Question

How do you determine if the vectors are coplanar: $a=\left[ -2,-1,4 \right],b=\left[ 5,-2,5 \right]$ and $c=\left[ 3,0,-1 \right]$ ?
(a) Cross product them with each other
(b) Finding their scalar triple product
(c) One of them passing through the origin
(d) None of these

Answer 1

Hint: To start with, we are to determine if the vectors given in this problem are coplanar or not. We are to analyze the result by finding their scalar triple product. If the product is valued zero, then they are coplanar and otherwise not coplanar. We will solve the problem by forming a determinant with the components and then finding its value.

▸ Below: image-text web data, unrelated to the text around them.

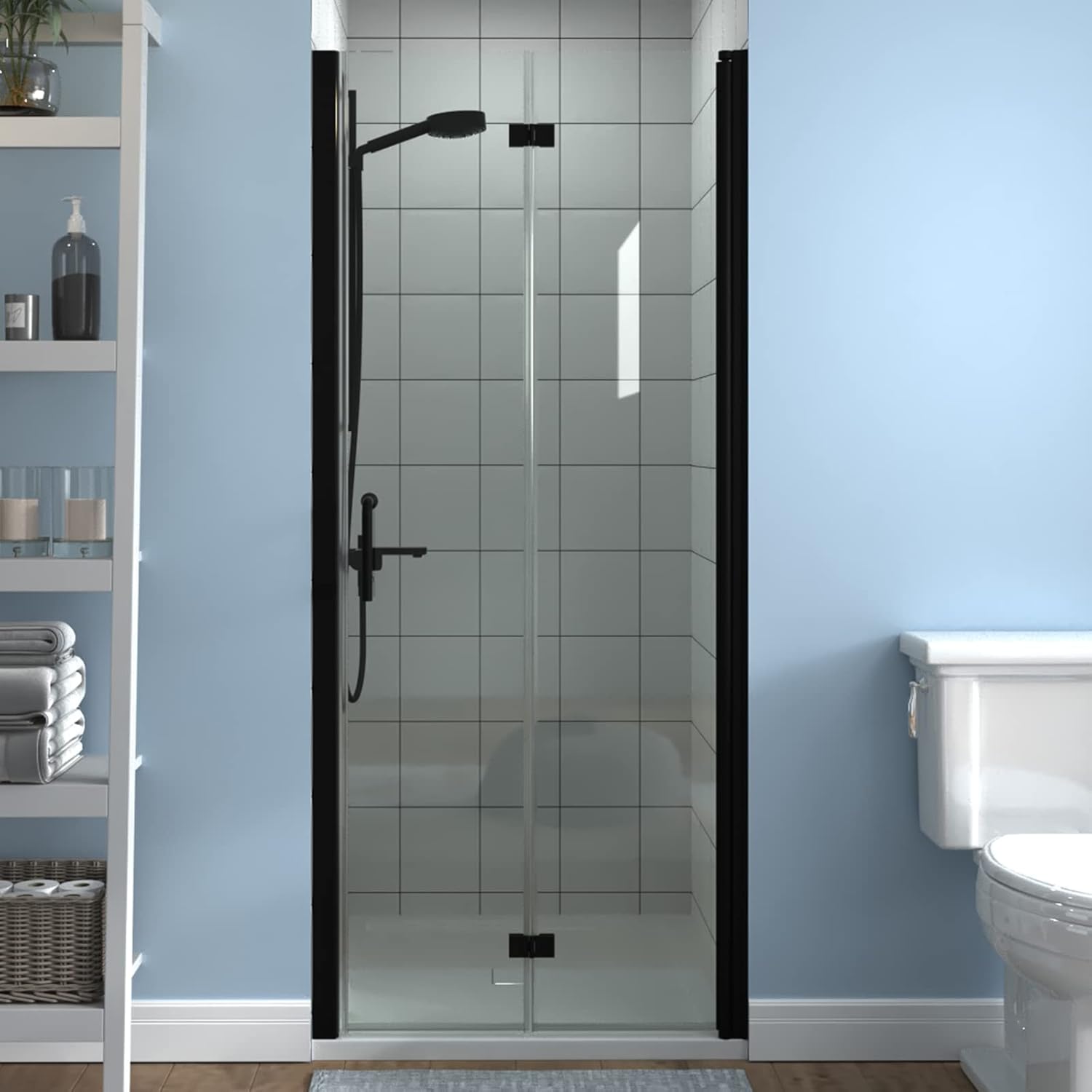 ExBrite 32-33.5 in.W x 72 in.H Bifold Frameless Glass Shower Door,1/4 in. Fold Clear Glass Shower Panel Pivot Swing Shower Doors,Matte Black Finish,Reversible Installation 32"x72" Bifold Matte Black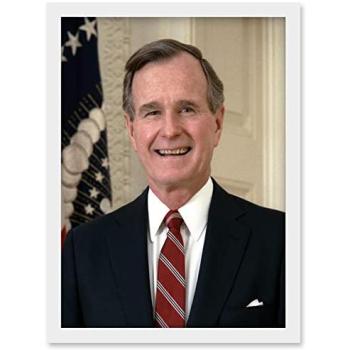 US President George H.W. Bush Official Portrait – A4 Framed Artwork
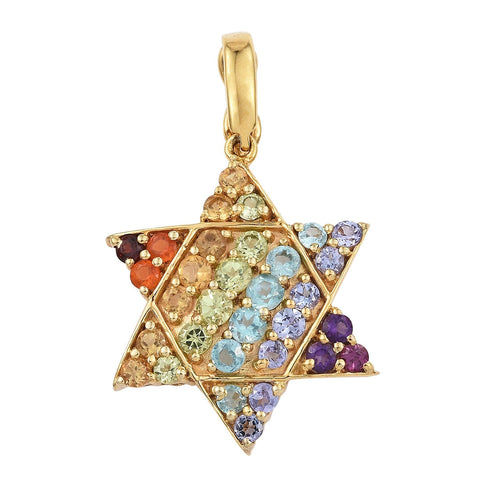 Yellow Gold Rhodium Plated Sterling Silver Pendant With Polished Fire Opal, Red Garnet, African Amethyst, Rhodolite Garnet, Tanzanite, Citri - Fashion Apparel 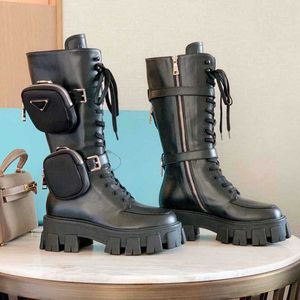 2021 Kadınlar Monolith Parlak Deri Naylon Çizmeler Moda Platformu Lace Up Cüzdan Boot Üst Tasarımcı Bayanlar Kış Patik Ayakkabı Boyutu 35-40
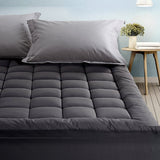 Furniture > Mattresses > Mattress Toppers - Giselle Bedding Mattress Topper Pillowtop Bamboo Charcoal Double - Garden Yard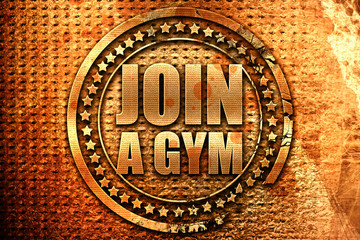 join a gym, 3D rendering, grunge metal stamp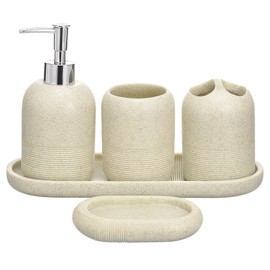 uxcell Bathroom Accessories Set, 5-Piece Resin Bathroom Storage Organizer, Toothbrush & Toothpaste Holder, Lotion Dispenser, Tray and Soap Dish Beige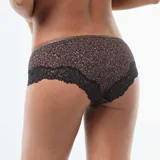 Shorty de microfibra con estampado animal print, detalle de encaje negro en los bordes y banda elástica superior en tono dorado.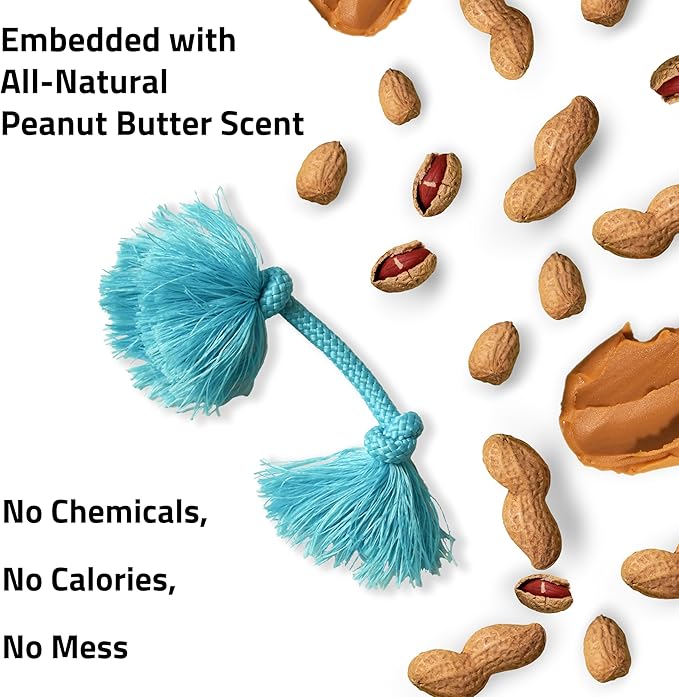 Playology Dog Toys | Dri-Tech Rope Tug of War Dog Toy for Tough Chewers | Peanut Butter Scented Small Tug Rope Toys for Dogs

Complete step by step answer:
Here in this problem we are provided with three vectors and we are to check if they are coplanar or not.
The three given vectors are, $a=\left[ -2,-1,4 \right],b=\left[ 5,-2,5 \right]$ and $c=\left[ 3,0,-1 \right]$.
Now, to find if they are coplanar or not, we have to find their scalar triple product. If the value of the scalar triple product turns out to be zero, then the vectors are coplanar. On the other hand, if the value is not equal to zero, then we will conclude that the vectors are not coplanar.
An easy way to find the scalar triple product is to evaluate the determinant made by the components one by one and find the value of the determinant. Similarly, if the value of the determinant is said to be zero, then we will get to know that the vectors are coplanar. Again, on the other hand, if the value is said not to be zero, then we will know that the vectors are not coplanar.
Now, to find the determinant,
$\left| \begin{matrix}
   -2 \\
   5 \\
   3 \\
\end{matrix}\begin{matrix}
   -1 \\
   -2 \\
   0 \\
\end{matrix}\begin{matrix}
   4 \\
   5 \\
   -1 \\
\end{matrix} \right|$
Simplifying,
$\Rightarrow -2\left| \begin{matrix}
   -2 & 5 \\
   0 & -1 \\
\end{matrix} \right|-1\left| \begin{matrix}
   5 & 5 \\
   -1 & 3 \\
\end{matrix} \right|+4\left| \begin{matrix}
   5 & -2 \\
   3 & 0 \\
\end{matrix} \right|$
$\Rightarrow -2\left( 2-0 \right)-1\left( 15+5 \right)+4\left( 0-\left( -6 \right) \right)$
$\Rightarrow -2.2-1.20+4.6$
So, we get,
$\Rightarrow -4-20+24=0$
We can see the value of the determinant is zero, then the vectors are said to be coplanar.

Hence the solution is, (b) Finding their scalar triple product .

Note:
The scalar triple product is also obviously very useful if you have a lot of parallelepipeds lying around and want to know their volume. But, if you don't happen to find yourself pining to know the volume of a parallelepiped, you may wonder what's the use of the scalar triple product. Nonetheless, the scalar triple product does have its uses even if you aren't that excited about parallelepipeds. In multivariable calculus, it turns out there are parallelepipeds lurking behind some important formulas and theorems. The reason stems from the definition of the differentiability of functions.